By Martha C. Nussbaum,
The New Republic, May 7, 2008

Edited by Andy Ross

Shakespeare the Thinker
By A.D. Nuttall
Yale University Press, 428 pages

Shakespeare's Philosophy: Discovering the Meaning Behind the Plays
By Colin McGinn
Harper Perennial, 230 pages

Double Vision: Moral Philosophy and Shakespearean Drama
By Tzachi Zamir
Princeton University Press, 234 pages

A philosopher's study of Shakespeare should really do philosophy, and not just allude to familiar philosophical ideas and positions. It should also illuminate the world of the plays and offer some account of why we need to turn to Shakespeare.

To be fair, A.D. Nuttall was not a philosopher but a literary critic. It is not surprising that his book contributes nothing of original philosophical interest.

Colin McGinn's book is the book of a real philosopher. Still, it is all at the level of Phil 101. McGinn does not offer anything subtle or new. McGinn has no new or convincing readings of the plays he tackles. McGinn already knows what to think about the philosophical issues, and he is pleased to find confirmation in Shakespeare.

The most distinguished Anglo-American philosophical writing on Shakespeare in recent years may be found in the work of Stanley Cavell.

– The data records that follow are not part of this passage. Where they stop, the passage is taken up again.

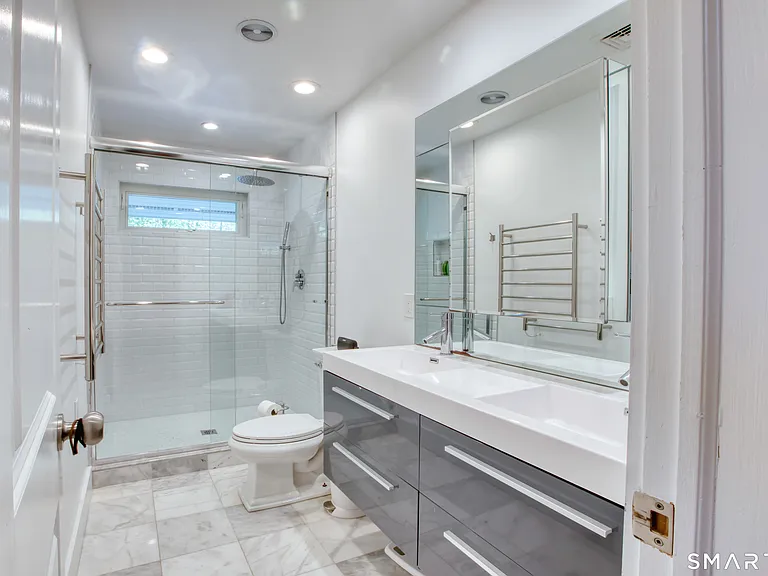 35 Dartmouth Rd — Photo 14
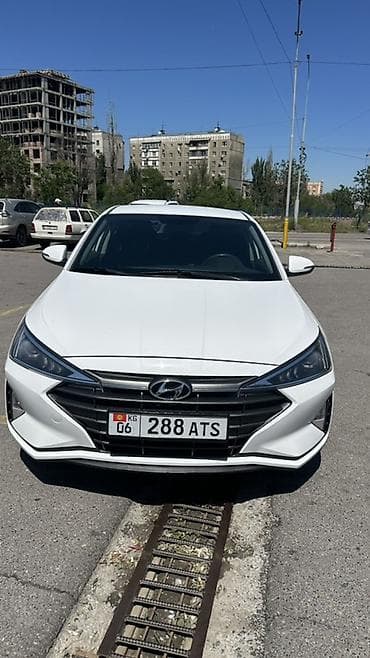 Hyundai Avante: 2018 г., 1.6 л, Автомат, Газ, Седан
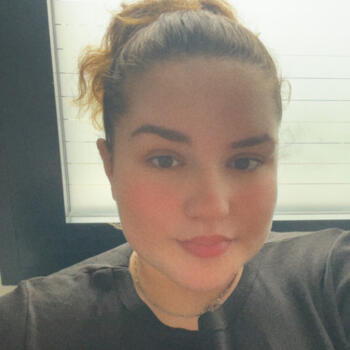 Job de garde d'enfants à Villeneuve-la-Guyard: job de garde d'enfants Perrine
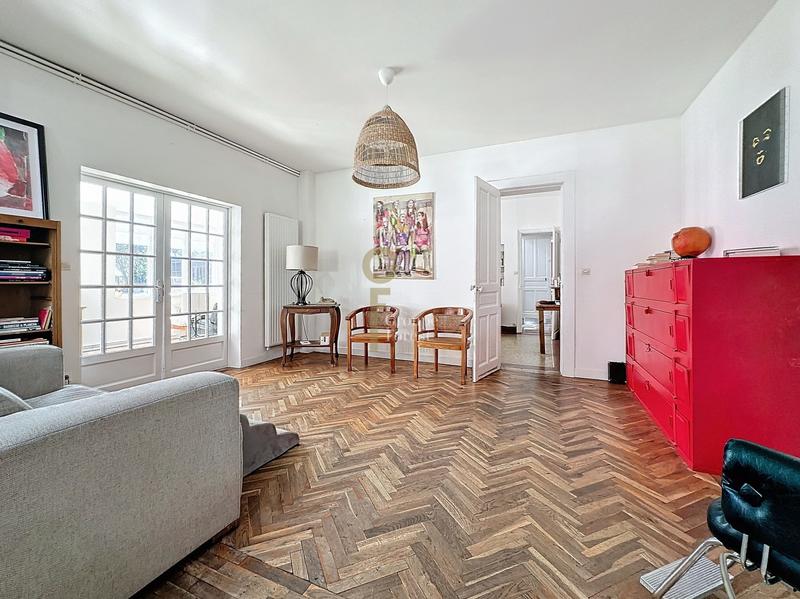 Maison - 410 m² - 12 pièces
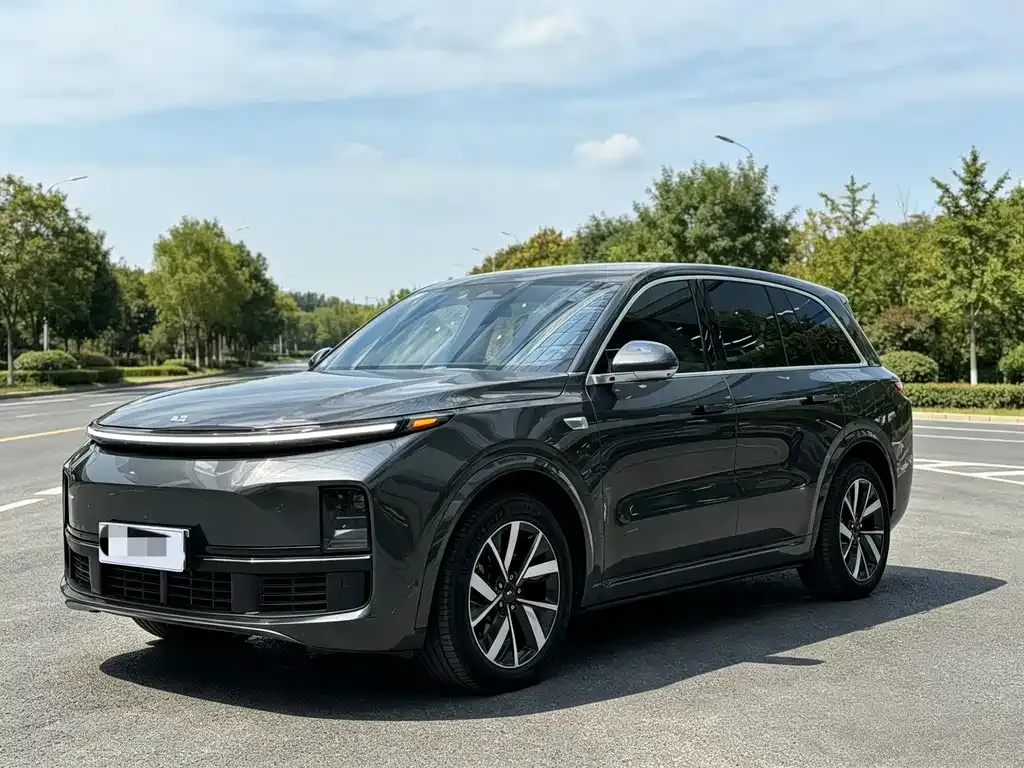 Li Auto L8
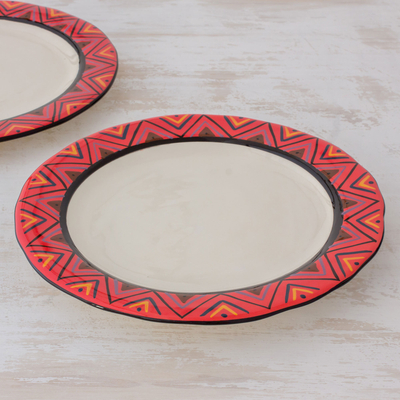 Platos llanos de cerámica, 'Tazumal' (par) - Platos llanos de cerámica hechos a mano con diseño maya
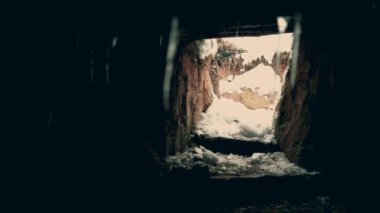 Bir asker askeri sığınağa giriyor. Askeri sığınağın ortasından bir görüntü. Ukrayna-Rusya savaşı. Ukrayna 'nın doğusunda savaş operasyonları.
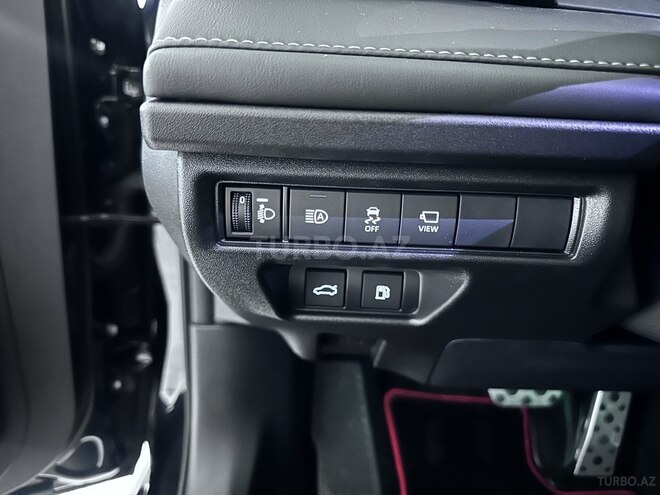 Toyota Camry-24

However, his readings of Shakespeare tend to confirm the philosophical notions for which he has already argued independently, in readings of Wittgenstein, Descartes, and other philosophers.

Tzachi Zamir's new book is head and shoulders above its rivals. A first book by a young Israeli philosopher, Double Vision stands comparison with Cavell for philosophical subtlety and insight. Zamir writes with an evocative grace that shows a deep emotional response to literature and a sense of its complexities and its mysteries.

Zamir says why it is important to turn to literary works for philosophical guidance. Literary works offer their readers a range of experiences that philosophical prose cannot provide. Some of these experiences are varieties of emotional response. Some are experiences of dislocation and a loss of meaning. Some are of losing a sense of meaning and then finding it again. Some are of not being able to figure out who or what a certain person is. And some just follow the trajectory of a human relationship.

So literature portrays and dissects a wide range of human experiences. With Shakespeare, we find again and again that the shaping of plot and the resources of language are used to construct and then to deepen a set of these experiences in ways that provide resources for knowledge.

At the heart of Zamir's book are three chapters on erotic love in Romeo and Juliet, Antony and Cleopatra, and Othello. He prefaces his readings by pointing to the great difficulties that philosophy has had investigating love.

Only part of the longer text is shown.